The novel 2-D nanostructured MXene Ti₂CT_x was synthesized by solution etching.⁴⁸ Initially, 5.0 g LiF was dispersed into 100 mL 6 M HCl solution in a PTFE container. After ultrasonic concussion for 10 min, 5.0 g Ti₂AlC was weighed and added to the above solution over 5 min and ultrasonic vibration was continued for 30 min. Afterwards, the container was transferred to a magnetic stirring apparatus and stirred for 48 hours at 40 °C. The resulting suspension was subjected to ultrasonic treatment for 10 min and then centrifuged at 5000 rpm for 10 min. The supernatant was decanted and the remaining sediment was washed with DW several times until the pH value of the supernatant was close to neutral. Finally, the sediment was washed with ethyl alcohol three times and dried in a vacuum at 80 °C for 12 h.

2.3 Fabrication of Ti₂CT_x/EP nanocomposite

Initially, different masses (0.5 g, 1.0 g, 1.5 g and 2.0 g, respectively) of the prepared Ti₂CT_x were weighed, dispersed into 10 mL acetone and subjected to ultrasonic vibration for 30 min at room temperature (RT). Then EP (100 g) and AF (0.25 g) were added to the above solutions with simultaneous mechanical stirring at a speed of 1500 rpm and ultrasonic treatment for 1 hour at RT and then heated to 50 °C with continued stirring at the same speed, again with ultrasonic treatment, for 30 min. An intermediate degassing procedure was carried out at 60 °C for 5 hours to remove acetone and trapped air. Afterwards, the hardener EMI-2,4 (5 g) was added and stirring and ultrasonic concussion were continued for one hour, then the mixture was degassed by vacuum-pumping for 2 hours at RT. The resulting mixture was highly degassed, followed by being poured into a PTFE mould, which had been preheated at 80 °C in order to ensure better wetting between the mixture and the mould. Afterwards, the curing process included three stages, namely, pre-curing at 60 °C for 1 h, curing at 100 °C for 2 h and post-curing at 120 °C for 2 h. The whole process was carried out in a high-temperature drying oven.

2.4 Characterization and measurement

2.4.1 Crystal phase and microstructure observation. X-ray diffraction (XRD, SmartLab X-ray diffractometer equipped with copper target Kα radiation, λ = 1.5406 Å, Rigaku Corporation, Japan) was used to detect the crystal structures of Ti₂AlC, Ti₂CT_x powder and Ti₂CT_x/EP nanocomposites. The samples were scanned over the two theta angle range (2θ) of 2–80° in steps of 0.02° and at a scanning speed of 10° per min to obtain the diffraction patterns.

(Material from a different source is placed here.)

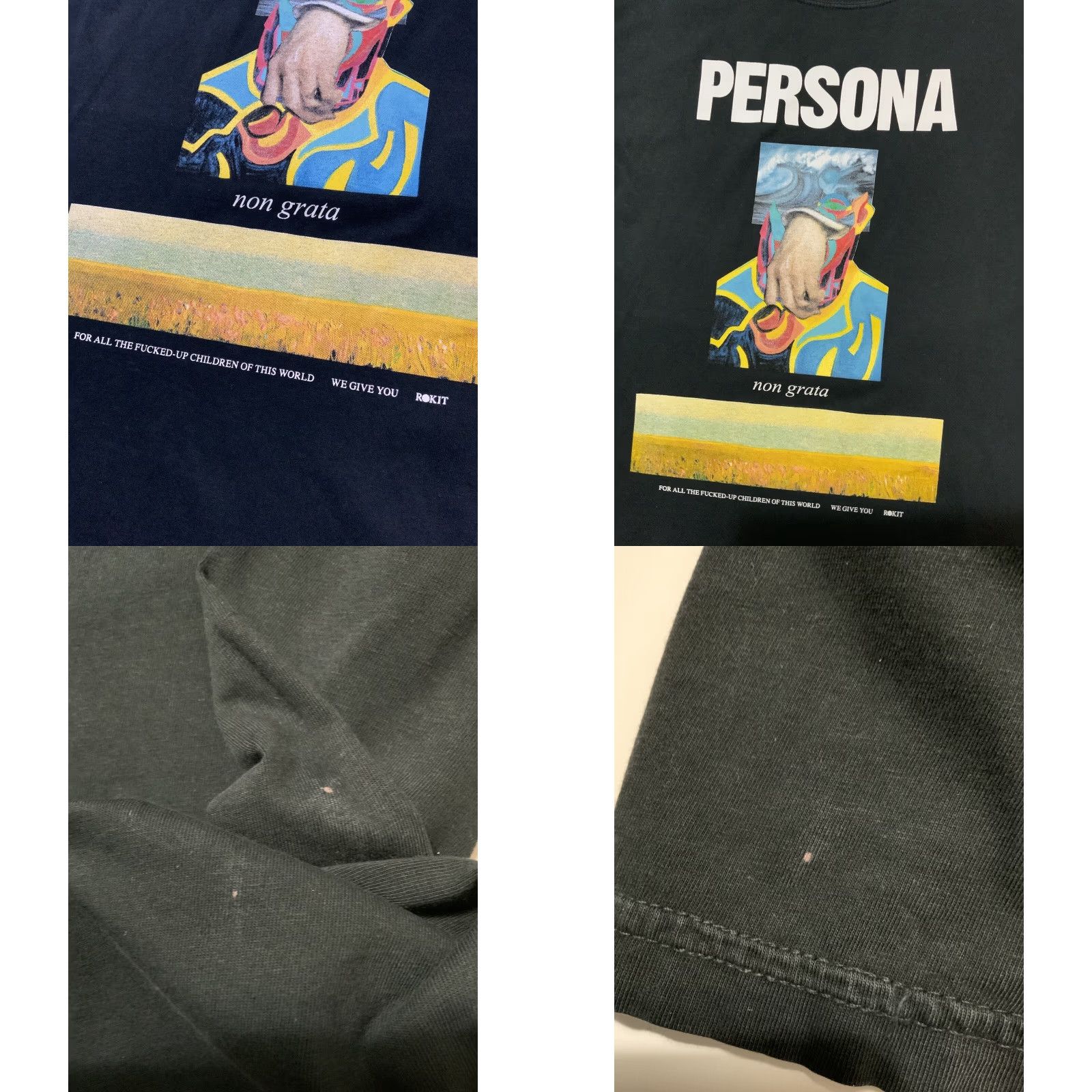 Vintage Rokit T-Shirt Mens Size M Black The Welcome Persona Non Grata For All The Fu**ed Up Give You Sz. M Size US M / EU 48-50 / 2 - 8 Thumbnail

The morphology and microstructures of the powders and nanocomposites were examined by a field emission gun scanning electron microscope (FEG-SEM, accelerating voltage 10 kV, FEI Quanta 250, Germany). The samples were fixed on a flat metal pallet with conductive adhesive tape and the test surface was sprayed with gold for 90 seconds.

2.4.2 Dynamic mechanical and thermal analysis. Dynamic mechanical analysis (DMA) was conducted using a dynamic mechanical analyzer (DMA Q800, TA Instruments, Inc., USA) equipped with a single cantilever clamp, and the rectangular test specimens had dimensions of 35 mm (length) × 12.5 mm (width) × 2.0 mm (thickness). The test was carried out by a temperature sweep (temperature ramp from 50 °C to 220 °C at 3° per min) method at a constant frequency of 1 Hz to obtain the dynamic storage modulus and damping curves (tan delta) of the specimens. The T_g values obtained from the maximum peaks in the tan delta curves correspond to the T_g temperature.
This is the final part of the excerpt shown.